Primary keys¶
Not every table is keyed by an auto-incrementing id. repositron handles the
common variations, a different column name, a str or uuid key, without
ceremony, and types the id arguments along the way.
The default: an integer id¶
Out of the box, a repository assumes the key column is named id and holds an
int. Every id-based method, get, update, delete, exists, is typed to
take an int, and create returns one:
Setup
The baseline is the task-tracker Task model and its repository. The
key-type sections further down define their own models, since the page is
about keys that are not this default.
from __future__ import annotations
from dataclasses import dataclass
from sqlalchemy.orm import DeclarativeBase, Mapped, mapped_column
from repositron import ReadOnlyRepository, Repository, UNSET, UnsetType
class Base(DeclarativeBase): ...
class Task(Base):
__tablename__ = "tasks"
id: Mapped[int] = mapped_column(primary_key=True)
workspace_id: Mapped[int]
title: Mapped[str]
status: Mapped[str] = mapped_column(default="open")
@dataclass
class TaskDTO:
id: int
title: str
status: str
@dataclass
class TaskCreate:
workspace_id: int
title: str
@dataclass
class TaskUpdate:
title: str | UnsetType = UNSET
status: str | UnsetType = UNSET
class TaskRepository(Repository[Task, TaskDTO, TaskCreate, TaskUpdate]): ...

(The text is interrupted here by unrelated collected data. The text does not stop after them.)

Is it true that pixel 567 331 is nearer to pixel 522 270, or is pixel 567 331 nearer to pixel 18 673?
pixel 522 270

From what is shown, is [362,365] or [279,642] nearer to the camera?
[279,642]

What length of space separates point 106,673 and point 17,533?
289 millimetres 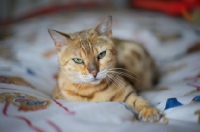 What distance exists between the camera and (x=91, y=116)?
858 mm

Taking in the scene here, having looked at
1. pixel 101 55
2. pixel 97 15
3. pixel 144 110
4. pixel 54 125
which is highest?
pixel 97 15

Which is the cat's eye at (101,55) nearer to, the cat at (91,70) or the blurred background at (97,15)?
the cat at (91,70)

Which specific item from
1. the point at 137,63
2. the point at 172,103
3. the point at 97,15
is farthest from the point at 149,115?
the point at 97,15

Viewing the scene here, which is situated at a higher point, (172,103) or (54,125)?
(172,103)

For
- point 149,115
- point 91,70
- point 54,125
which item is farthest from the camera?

repo = TaskRepository(session)
repo.get(1) # TaskDTO | None
repo.exists(1) # bool
repo.get("1") # type error: expected int, got str
That last line is the point: because the key type is part of the repository's
type, a checker (pyright, mypy, ty) catches a stringly-typed id before it runs.

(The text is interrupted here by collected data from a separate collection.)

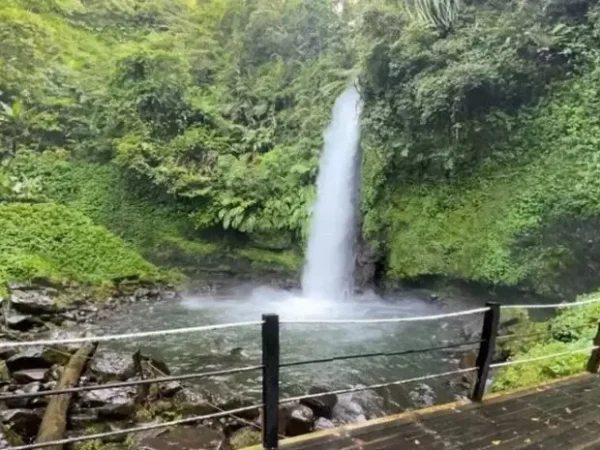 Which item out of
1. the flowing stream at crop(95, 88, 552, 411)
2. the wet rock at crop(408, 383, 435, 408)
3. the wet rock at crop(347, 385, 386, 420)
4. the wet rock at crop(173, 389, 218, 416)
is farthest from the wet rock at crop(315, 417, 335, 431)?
the wet rock at crop(408, 383, 435, 408)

For the 90% of tables keyed by an int, you get this for free, no extra
declaration.
A key that is not an int¶
When the key is a str, a uuid, or anything else, declare its type as the
last type parameter. The slot is named PKT and it sits after the others so
the common case never has to mention it.
On a read-only repository it is the third parameter. A Page cache, keyed by
the hash of a fetched URL, is a natural str key:
class Page(Base):
__tablename__ = "pages"
url_hash: Mapped[str] = mapped_column(primary_key=True)
html: Mapped[str]
@dataclass
class PageDTO:
url_hash: str
html: str
class PageRepository(ReadOnlyRepository[Page, PageDTO, str]):
pk_column = "url_hash"
repo.get("a1b2c3") # PageDTO | None
repo.get(123) # type error: expected str, got int
A uuid key on a full-CRUD repository is no different, name uuid.UUID as the
type. An API token keyed by a generated token_id is the typical case:
import uuid
class ApiToken(Base):
__tablename__ = "api_tokens"
token_id: Mapped[uuid.UUID] = mapped_column(primary_key=True, default=uuid.uuid4)
workspace_id: Mapped[int]
label: Mapped[str]
@dataclass
class ApiTokenDTO:
token_id: uuid.UUID
label: str
@dataclass
class ApiTokenCreate:
workspace_id: int
label: str
@dataclass
class ApiTokenUpdate:
label: str | UnsetType = UNSET
class ApiTokenRepository(
Repository[ApiToken, ApiTokenDTO, ApiTokenCreate, ApiTokenUpdate, uuid.UUID]
):
pk_column = "token_id"
tid = repo.create(ApiTokenCreate(workspace_id=1, label="ci")) # uuid.UUID
repo.get(tid) # ApiTokenDTO | None
Why the type is declared and not inferred
You might expect pk_column = Page.url_hash to tell the checker the key
is a str on its own. It cannot: Python has no way to read the type of a
class attribute back into a generic parameter. The honest, checkable place to
state it is the type parameter. The typed primary keys
design note explains the machinery, and why int is the default.
The slots are positional¶
Type parameters cannot be passed by name, so to reach PKT you fill the ones
before it. If a CRUD repository has real Create/Update payloads, declare
them, that is the honest signature anyway:
Padding the payload slots with object only makes sense when you genuinely
don't use create/update. An append-only AuditEntry is written once and
never updated, so it has no update payload and the slot is padded:
class AuditEntry(Base):
__tablename__ = "audit_entries"
trace_id: Mapped[str] = mapped_column(primary_key=True)
action: Mapped[str]
@dataclass
class AuditEntryDTO:
trace_id: str
action: str
@dataclass
class AuditEntryCreate:
trace_id: str
action: str
# entries are created and read, never updated, so Update stays untyped
class AuditEntryRepository(
Repository[AuditEntry, AuditEntryDTO, AuditEntryCreate, object, str]
):
pk_column = "trace_id"
If you want typed creates and updates, declare them properly rather than reaching
for object.
When the key is not called id¶
Independent of its type, point pk_column at the right column. Reusing the
Page cache from above, two forms work:
class PageRepository(ReadOnlyRepository[Page, PageDTO, str]):
pk_column = "url_hash" # by name
class PageRepository(ReadOnlyRepository[Page, PageDTO, str]):
pk_column = Page.url_hash # by column reference
The string is terse; the column reference reads naturally next to the rest of
your SQLAlchemy code. Either way the column is resolved by name through the
model on first use, so a column from the wrong model (or a bad name) raises
AttributeError at the first query rather than cross-joining. Pick whichever you
prefer, they resolve to the same column. Both feed every id-based method:
This is the case for tables keyed by a natural identifier, a hash, a slug, an
external system's id, rather than a surrogate id.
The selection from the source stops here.